Windsor Park-bred Aerovelocity will depart for Australia and a well-earned retirement at picturesque Muskoka Farm after a farewell ceremony at Sha Tin racecourse on Sunday, 25 June, when his army of fans will have one last opportunity to salute one of the toughest horses ever to have competed on the Hong Kong circuit.
The 2015 Hong Kong Champion Sprinter and four-time G1 victor retires as the only locally-trained horse to have won G1 races in three different jurisdictions, his record of 11 wins from 24 career starts yielding prize money of HK$45,252,368.
But there was always more to Aerovelocity than his latent ability. Every sports fan loves a fighter, especially one that rises through the ranks, defying expectations and reputations along the way. Paul O’Sullivan’s charge had all of that, as well as a heavy dose of brute charisma.
“He was just a warrior, really, a real bulldog,” said Zac Purton, the man who rode him in his last 20 races. “He’s probably the toughest horse that I’ve ever ridden, he goes out there and he leaves everything on the track.”
Toughness is Aerovelocity’s hallmark. O’Sullivan has worked with numberless horses in his lifetime and the former New Zealand champion trainer asserted: “I’ve been fortunate enough to be associated with a lot of great horses; Horlicks and Mr Tiz were world-class and, to be fair, this bloke was pretty close – he would certainly be the toughest and most tenacious horse I’ve ever put a saddle on!”
That grit was manifest multiple times, not least in the gelding’s last win. Two years on from a breakthrough Group 1 in the LONGINES Hong Kong Sprint (1200m) and one year after connections had heeded his negative physical cues and removed him from a defence of that trophy, Aerovelocity bounced back for a second triumph in the 2016 edition of the December feature. And it was achieved in typical battling style; a short-head verdict to keep the young upstart Lucky Bubbles in his place.
It was a fitting final win for a worthy hero who, in the short space of five months from December, 2014 to May, 2015, made history by winning the Hong Kong Sprint, Japan’s G1 Takamatsunomiya Kinen (1200m) and Singapore’s G1 KrisFlyer International Sprint (1200m).
“It does feel like he’s been my mate for a while now and it will be sad to see him go,” Purton said. “I’d say he’s the best sprinter I’ve ridden, he’s a two-time Hong Kong Sprint winner and the only horse in Hong Kong to have won three G1s in three different countries in the same season. For me, of the sprinters I’ve ridden in Hong Kong, he’s at the top of that list.”
“Whenever he was in a fight though he was always up for it, he never laid down,” Purton continued. “He liked to bully other horses; he would always want to out-muscle them and that’s why we switched from a full blinker to a visor part-way through his career, just so he could see the other horses coming. I think it really helped him because when he did see them coming, you could feel him surge a bit for you and give you that little bit more.”

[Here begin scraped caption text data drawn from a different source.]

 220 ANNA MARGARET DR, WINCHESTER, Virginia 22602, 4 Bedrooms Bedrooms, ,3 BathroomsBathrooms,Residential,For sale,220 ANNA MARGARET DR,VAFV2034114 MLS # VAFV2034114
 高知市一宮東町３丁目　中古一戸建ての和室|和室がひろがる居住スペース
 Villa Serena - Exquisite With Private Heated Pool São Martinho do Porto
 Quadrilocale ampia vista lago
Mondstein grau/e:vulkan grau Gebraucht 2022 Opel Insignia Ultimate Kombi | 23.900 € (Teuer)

The headgear, bright pink to match his owner’s silks, became his trademark look.
Aerovelocity retires a couple of months short of his ninth birthday and O’Sullivan was quick to give credit for the horse’s longevity to owner Daniel Yeung, the man whose first horse turned out to be a star.
“The reason for his longevity is simply that he is owned by the right guy,” the trainer said. “He’s not the soundest horse in the world, and I said to Daniel about three years ago that he wouldn’t last if we wanted to run in everything, all the Group 3s and Group 2s as well as the Group 1s. He said, ‘just run him in the big ones, he’s up to it’, and that’s why he only has five or six runs every year.

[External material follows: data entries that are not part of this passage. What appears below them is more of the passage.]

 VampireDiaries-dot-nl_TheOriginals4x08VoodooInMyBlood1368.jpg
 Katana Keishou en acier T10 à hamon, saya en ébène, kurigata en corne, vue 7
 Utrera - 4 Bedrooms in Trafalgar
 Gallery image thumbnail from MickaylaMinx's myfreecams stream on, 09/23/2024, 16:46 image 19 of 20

“If he was owned by someone who wanted to run him in everything, he’d be well retired,” he added. “And things like, when he was up for a US$1m bonus if he wins the Hong Kong Sprint in 2015 but he had that heart irregularity, how many owners would say no to that? Ninety-nine per cent would say, just run, just run. But that’s why the bloke deserves everything he got. The reason he won the international this time around is solely due to the patience of the owner, no more, no less.”

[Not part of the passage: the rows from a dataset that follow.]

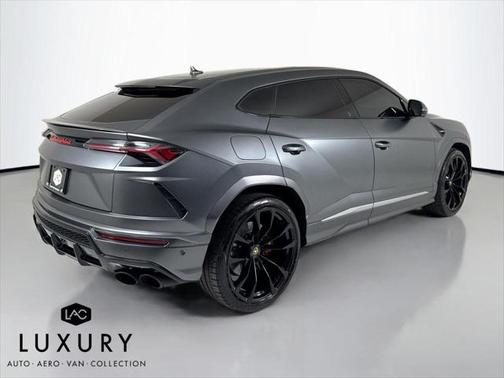 2019 Lamborghini Urus AWD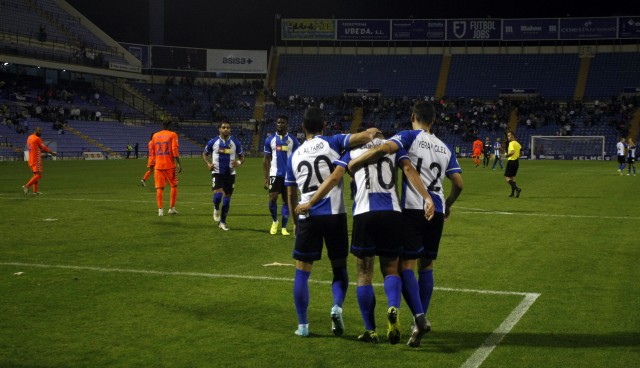 Carlitos, Jona y el balón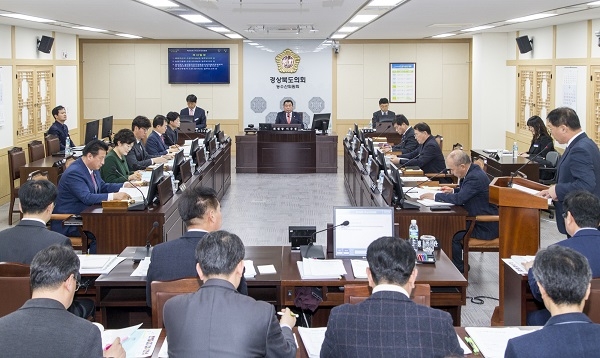 경상북도의회 농수산위원회(위원장 이수경)는 제306회 도의회 임시회에서 농수산위원회 새해 업무보고를 받고 있다.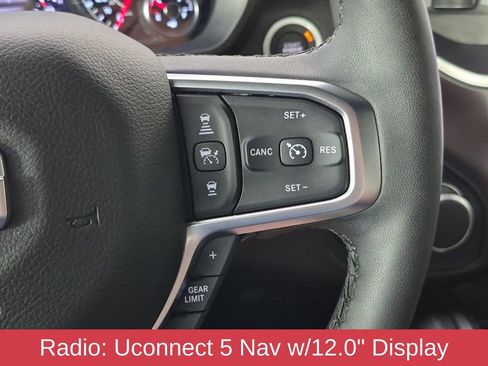 Used 2025 RAM 1500 Big Horn AWD/4WD image 21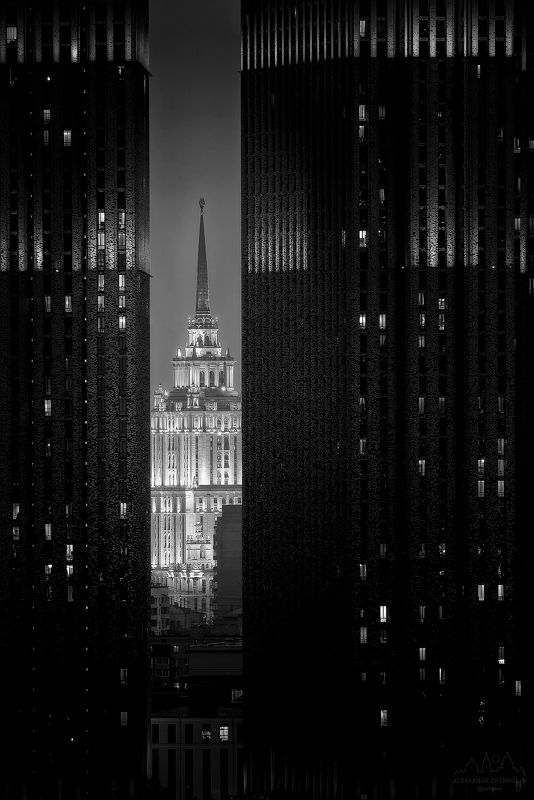 Москва, чб, нуар Сталинская высотка сквозь башни Пресня ситиphoto preview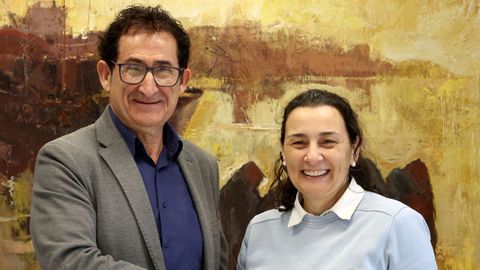 El responsable de Deportes de la Deputaci�n, Antonio Leira, y la presidenta de la Federaci�n de Salvamento e Socorrismo de Galicia, Nuria Rodr�guez, formalizaron ayer un convenio de colaboraci�n.
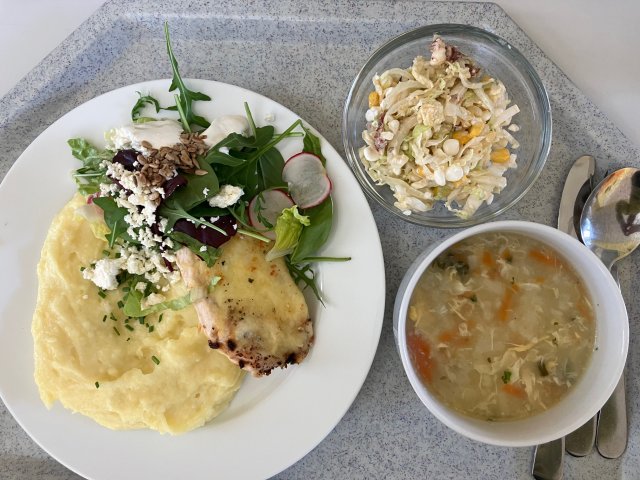 květáková polévka s vejci, kuřecí plátek se sýrem a bramborovou kaší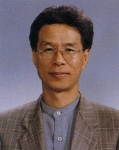 이동순(李東洵, 국어국문학과) 영남대 민족문화연구소장은 25일 오후 3시 국제관 2층에서 제17차 민족문화특강을 개최한다.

Overcoming that heart irregularity and bouncing back from the minor colic that scuppered a planned follow-up assault on the 2016 Takamatsunomiya Kinen only enhance Aerovelocity’s folk hero status.
“He’d do anything for you,” O’Sullivan said. “So that’s how he will be remembered by me, he just loves a dogfight and he was good at it!”
Aerovelocity will join another former Hong Kong star, Champions Mile and SIA Cup hero Dan Excel, at his new home. The farewell ceremony will take place in the Parade Ring after race five on Sunday, 25 June.